» YOUR OBJECTIVE
Look below for the line with "Un hombre y". Retype it and every line after it to the end, exactly, but leave out the pictures.

» RECORDED DATA
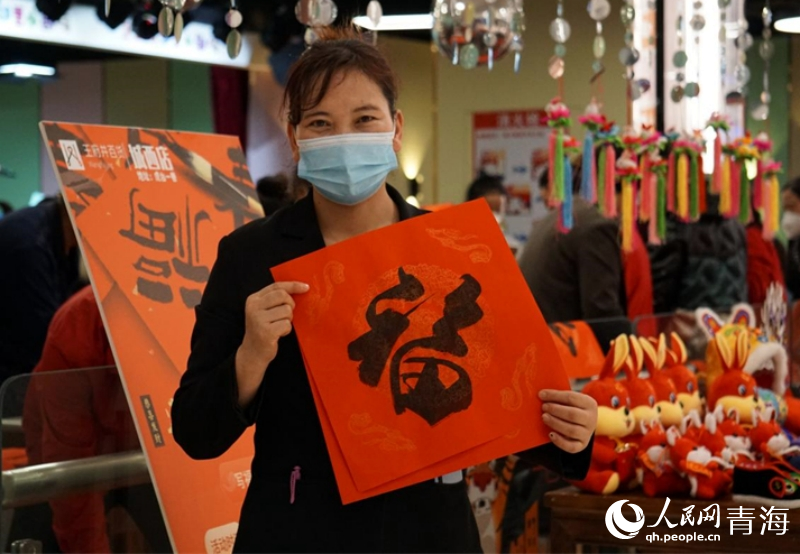 市民領(lǐng)取到義寫的春聯(lián)。人民網(wǎng) 況玉攝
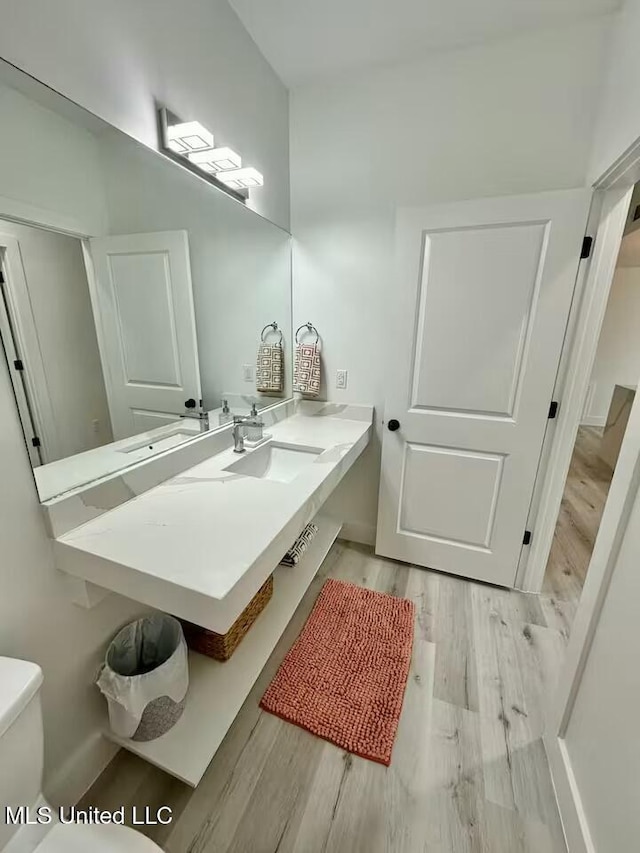 bathroom with vanity, hardwood / wood-style flooring, and toilet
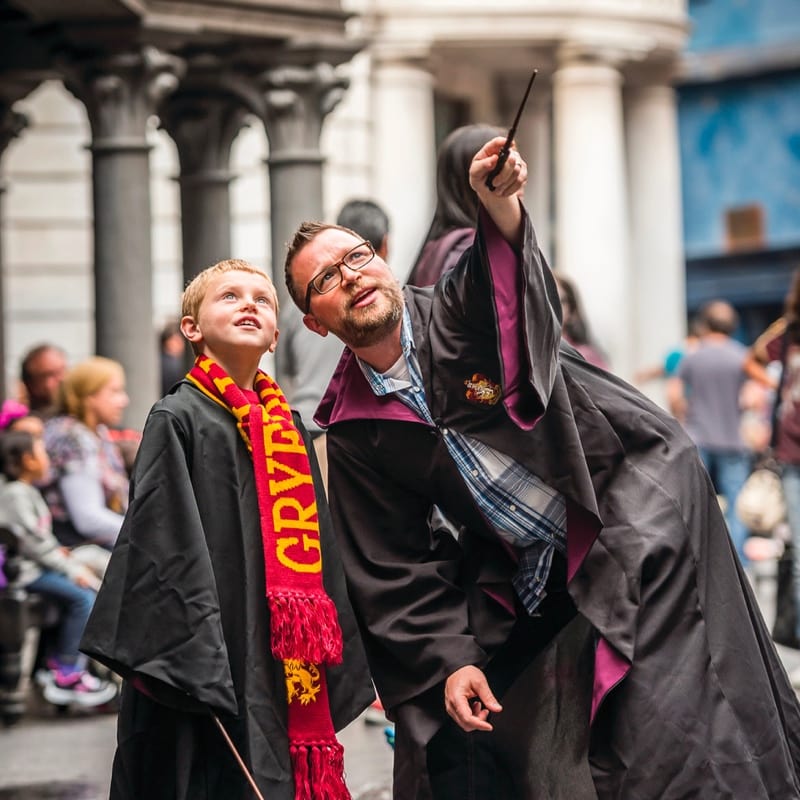 Un hombre y su hijo usan capas de Hogwarts mientras el padre apunta al aire con su varita.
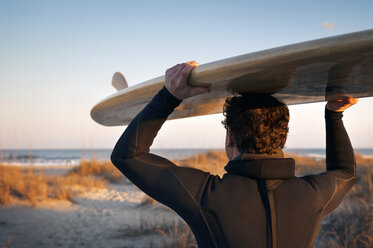 Nahaufnahme eines Surfers, der ein Surfbrett auf dem Kopf trägt, am Strand - CAVF11282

» ANSWER AREA
 Un hombre y su hijo usan capas de Hogwarts mientras el padre apunta al aire con su varita.
 Nahaufnahme eines Surfers, der ein Surfbrett auf dem Kopf trägt, am Strand - CAVF11282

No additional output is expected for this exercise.